━━━━━ Supplied data

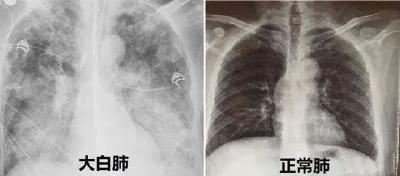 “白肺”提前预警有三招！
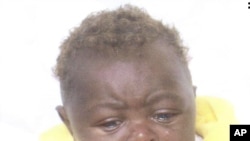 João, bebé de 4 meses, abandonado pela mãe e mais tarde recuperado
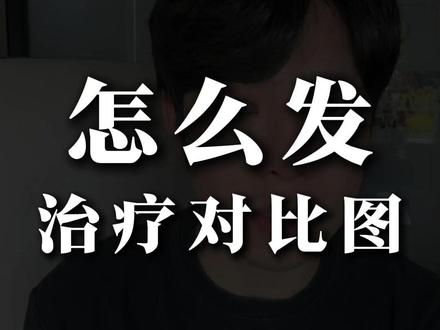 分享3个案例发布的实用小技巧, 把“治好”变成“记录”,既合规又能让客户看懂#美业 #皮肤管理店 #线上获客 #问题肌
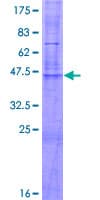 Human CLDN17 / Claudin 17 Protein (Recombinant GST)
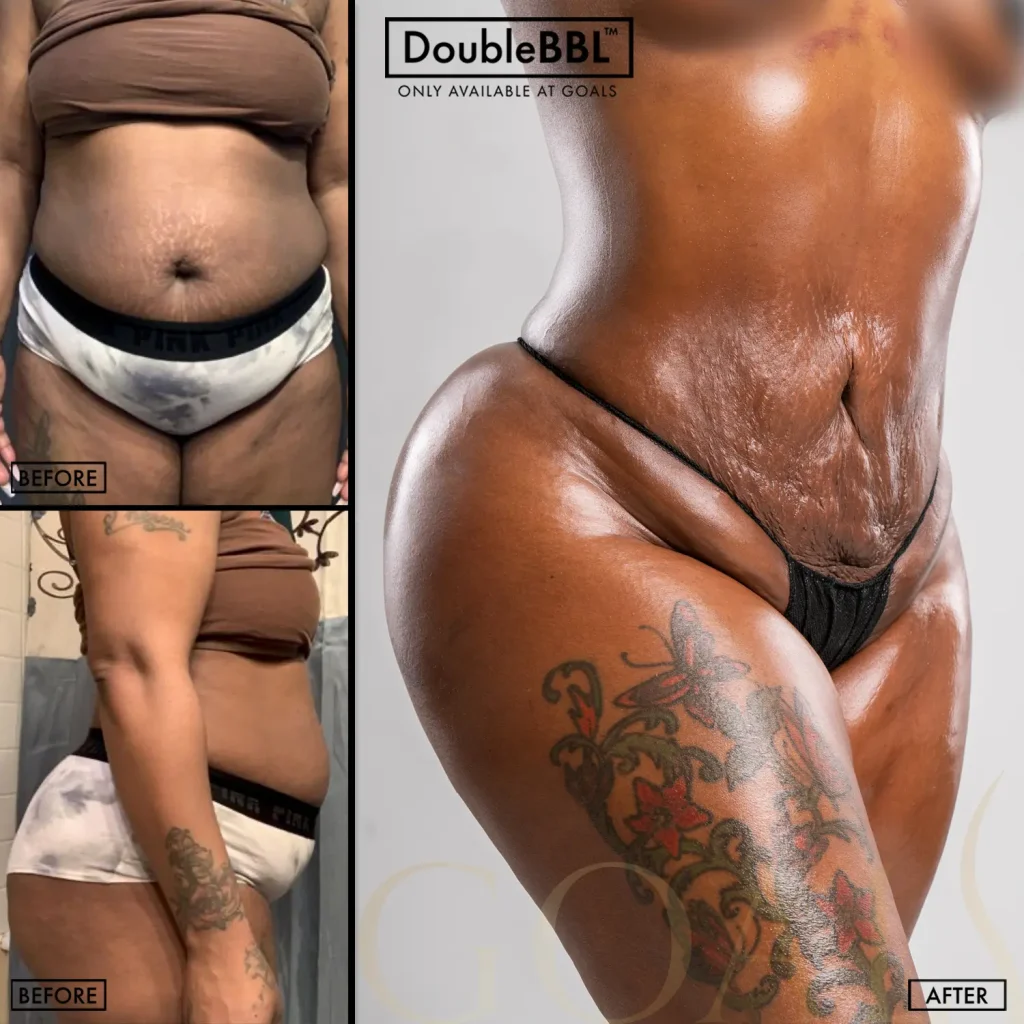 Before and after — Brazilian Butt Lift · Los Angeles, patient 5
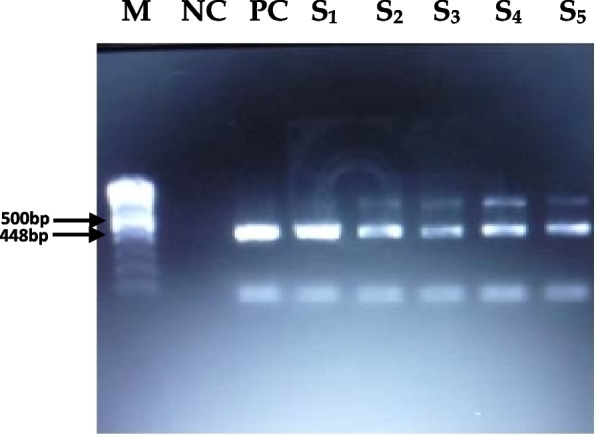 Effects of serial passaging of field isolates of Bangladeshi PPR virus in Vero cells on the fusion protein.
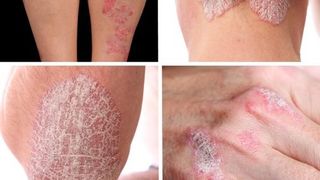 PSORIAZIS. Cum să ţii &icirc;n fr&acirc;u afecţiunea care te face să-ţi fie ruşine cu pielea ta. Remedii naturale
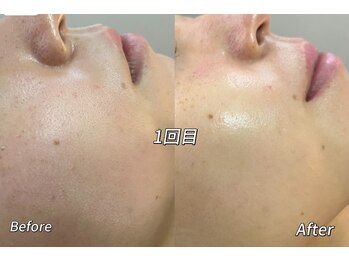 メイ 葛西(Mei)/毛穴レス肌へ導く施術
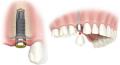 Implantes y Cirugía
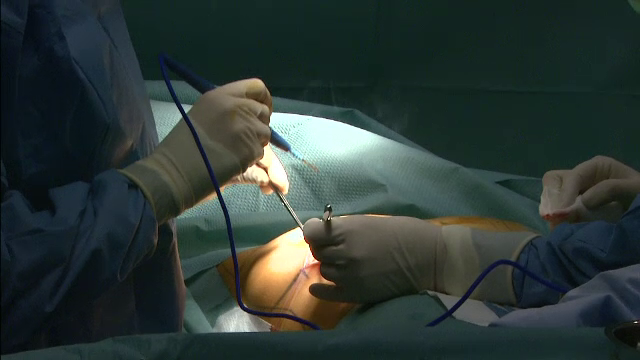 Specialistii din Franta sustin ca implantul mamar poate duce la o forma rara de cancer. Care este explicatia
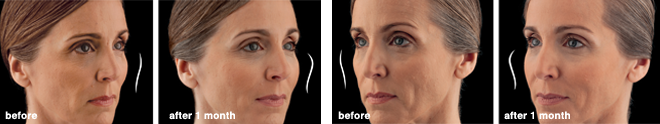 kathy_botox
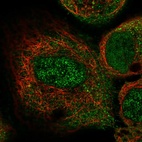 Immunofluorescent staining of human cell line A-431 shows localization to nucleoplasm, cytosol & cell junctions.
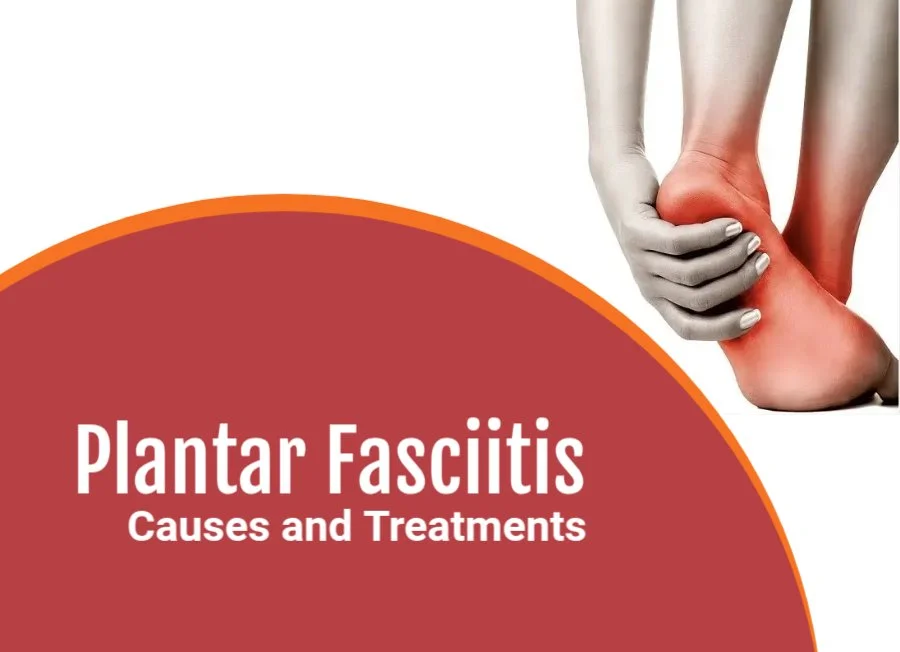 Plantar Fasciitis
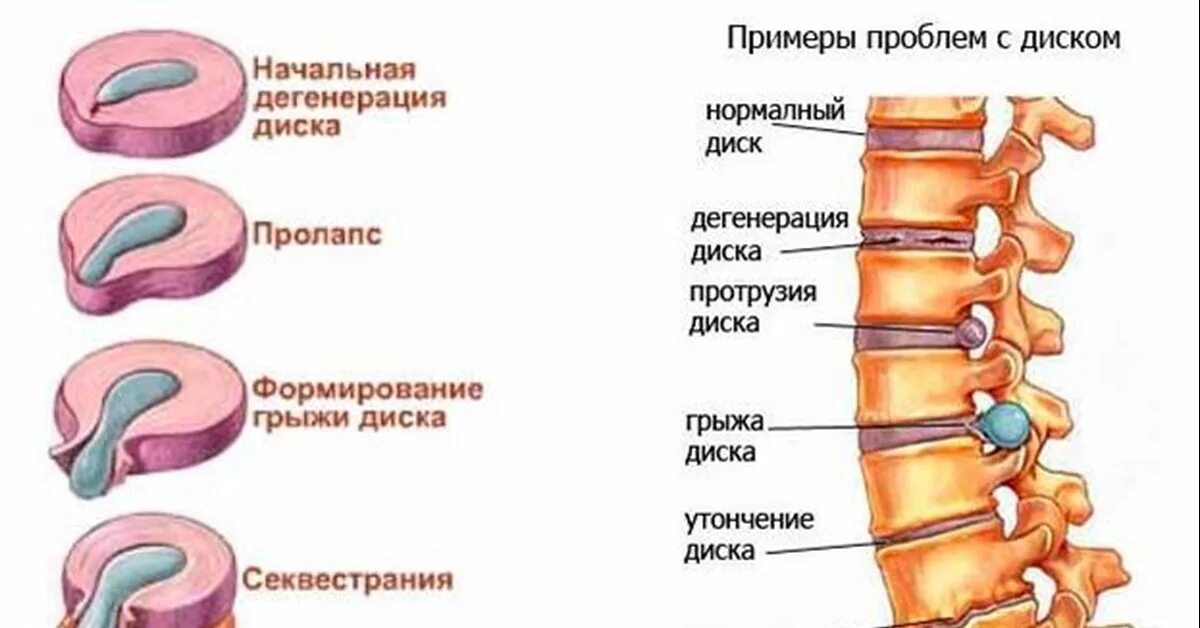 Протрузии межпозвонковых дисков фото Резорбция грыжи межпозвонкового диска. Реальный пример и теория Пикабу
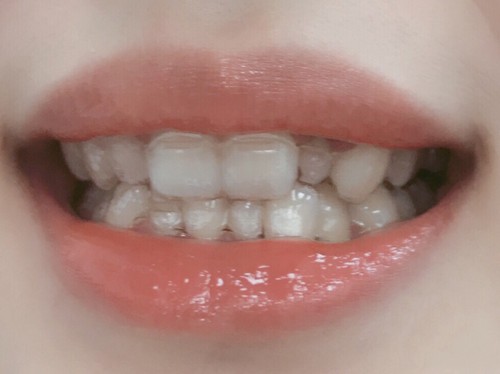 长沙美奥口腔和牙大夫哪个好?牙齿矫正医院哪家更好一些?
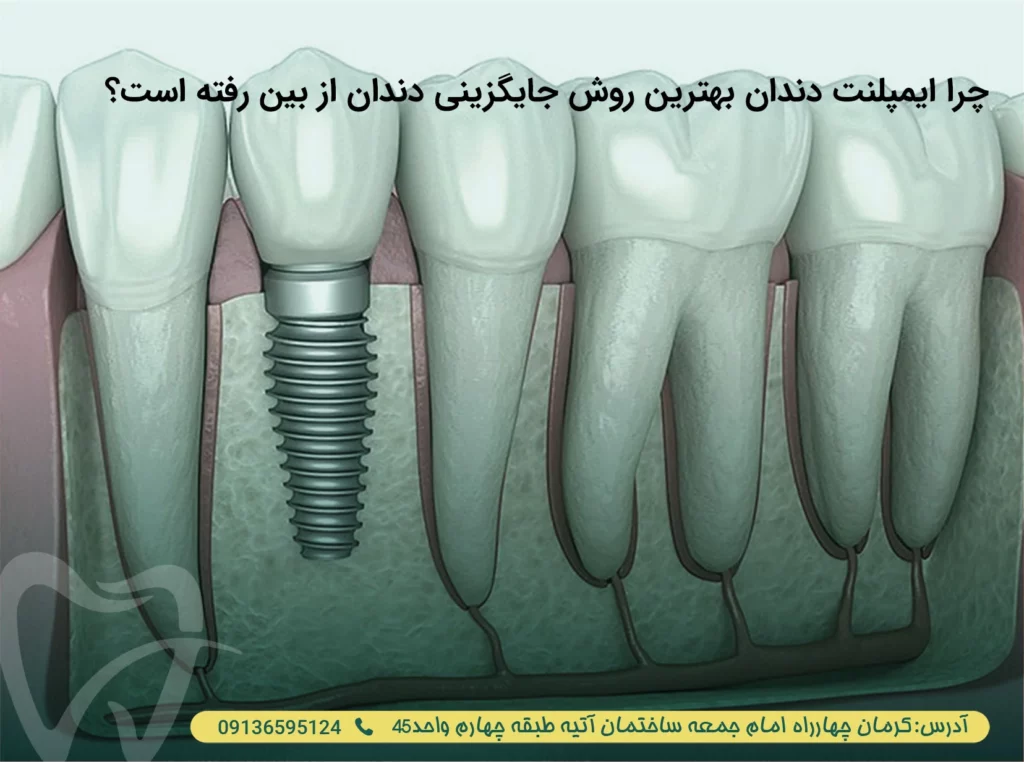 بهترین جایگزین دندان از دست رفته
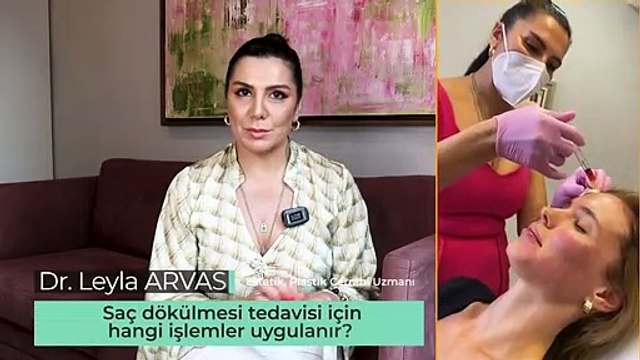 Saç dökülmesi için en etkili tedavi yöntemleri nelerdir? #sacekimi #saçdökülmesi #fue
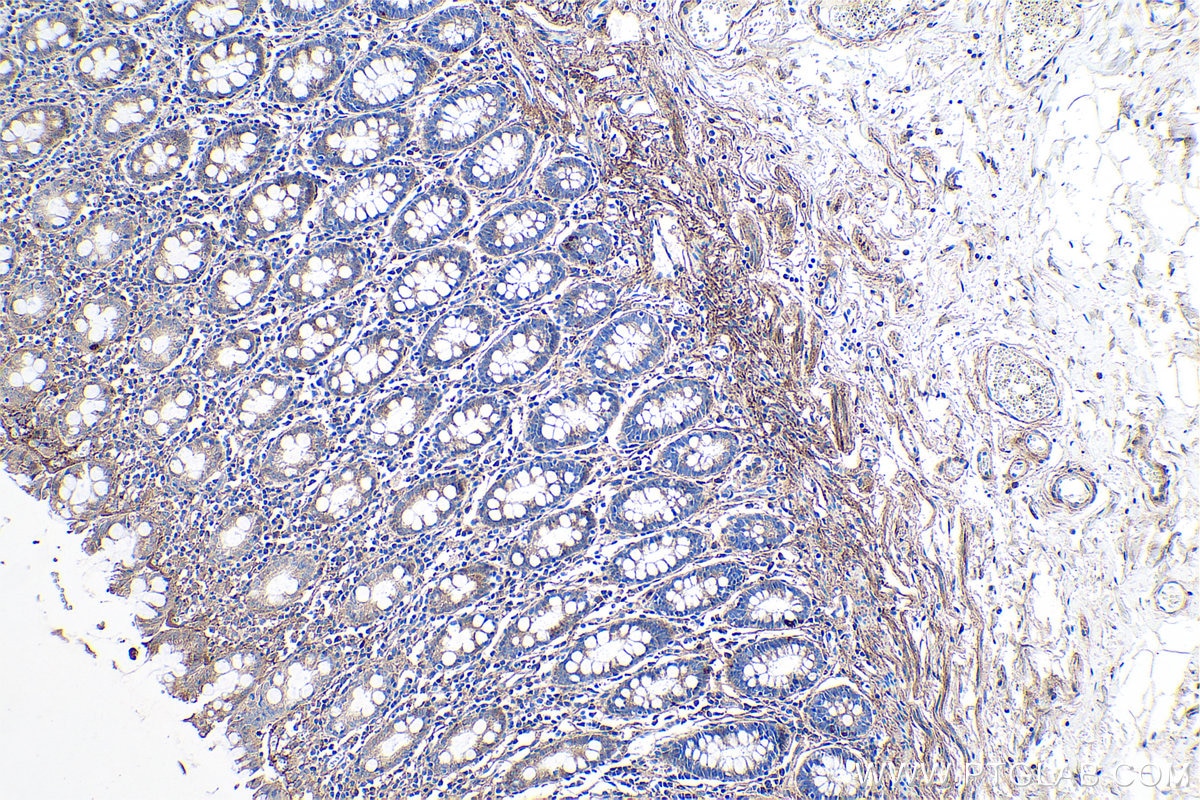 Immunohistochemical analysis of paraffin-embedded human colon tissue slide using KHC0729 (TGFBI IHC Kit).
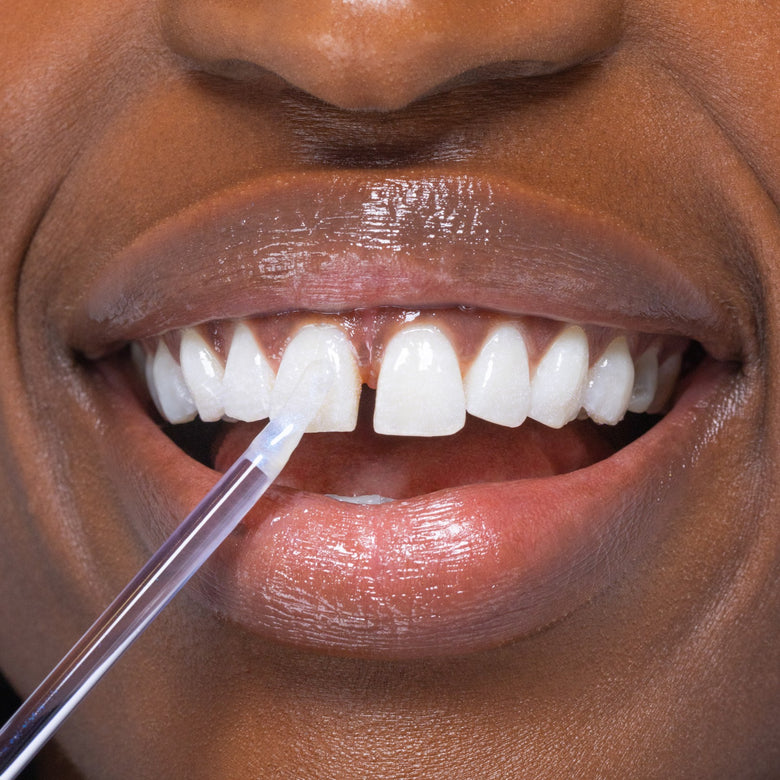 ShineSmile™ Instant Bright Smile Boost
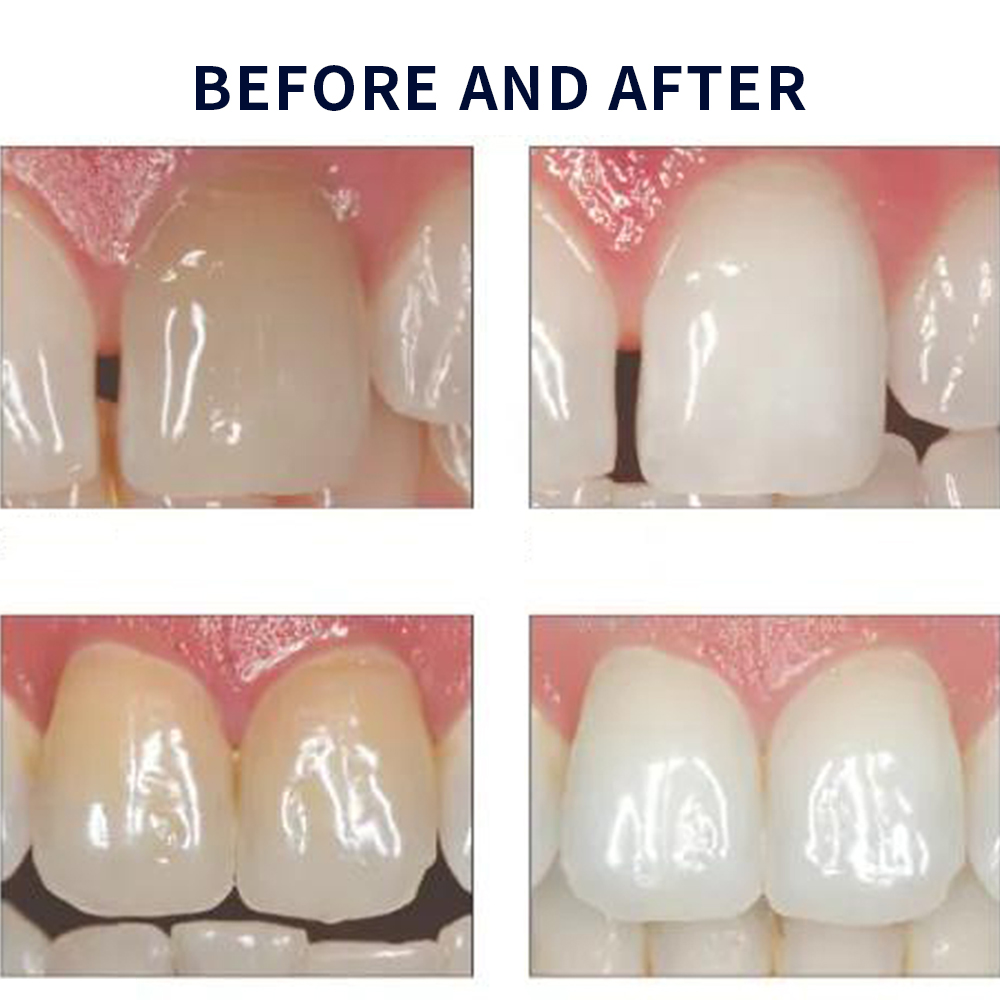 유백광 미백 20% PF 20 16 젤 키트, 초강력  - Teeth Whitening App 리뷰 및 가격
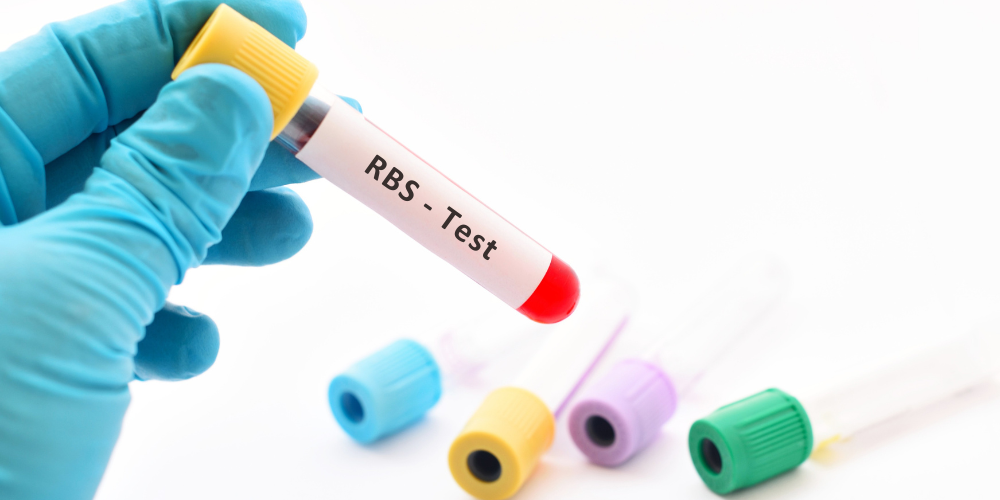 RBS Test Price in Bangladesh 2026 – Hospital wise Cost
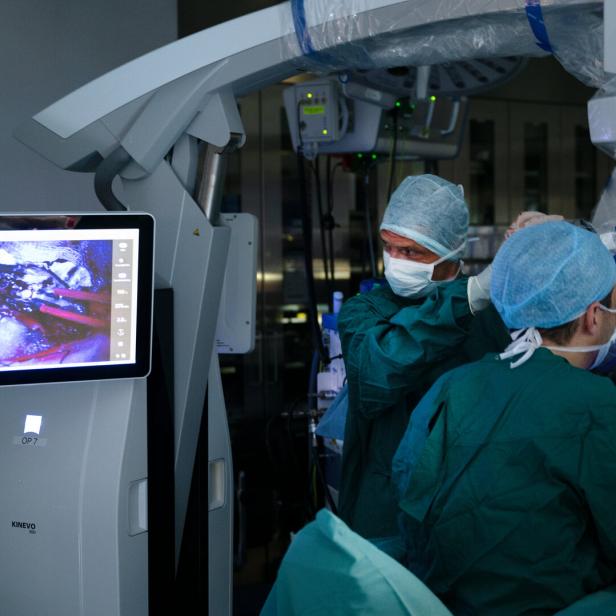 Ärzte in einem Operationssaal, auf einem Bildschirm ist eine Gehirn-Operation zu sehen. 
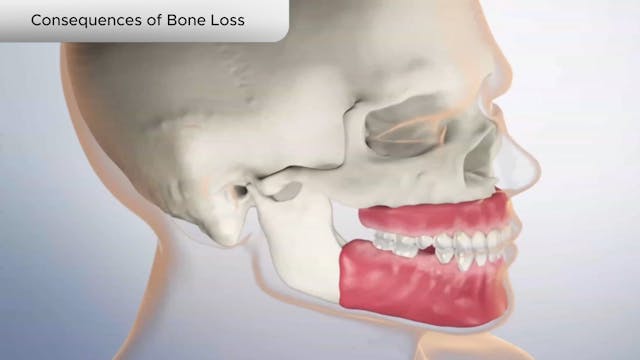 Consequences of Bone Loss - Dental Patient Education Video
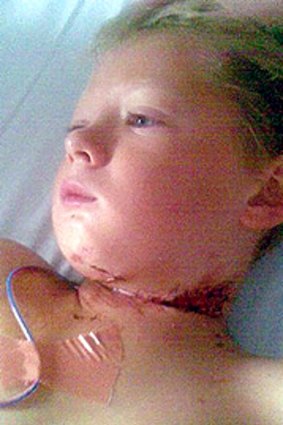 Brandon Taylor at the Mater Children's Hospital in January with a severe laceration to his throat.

━━━━━━━━━━

Your goal: Starting at the line containing "Effects of serial" and finishing at the line containing "メイ 葛西(Mei)/毛穴レス肌へ導く施術", return those lines exactly as they appear above, without the pictures.

Your response:
 Effects of serial passaging of field isolates of Bangladeshi PPR virus in Vero cells on the fusion protein.
 PSORIAZIS. Cum să ţii &icirc;n fr&acirc;u afecţiunea care te face să-ţi fie ruşine cu pielea ta. Remedii naturale
 メイ 葛西(Mei)/毛穴レス肌へ導く施術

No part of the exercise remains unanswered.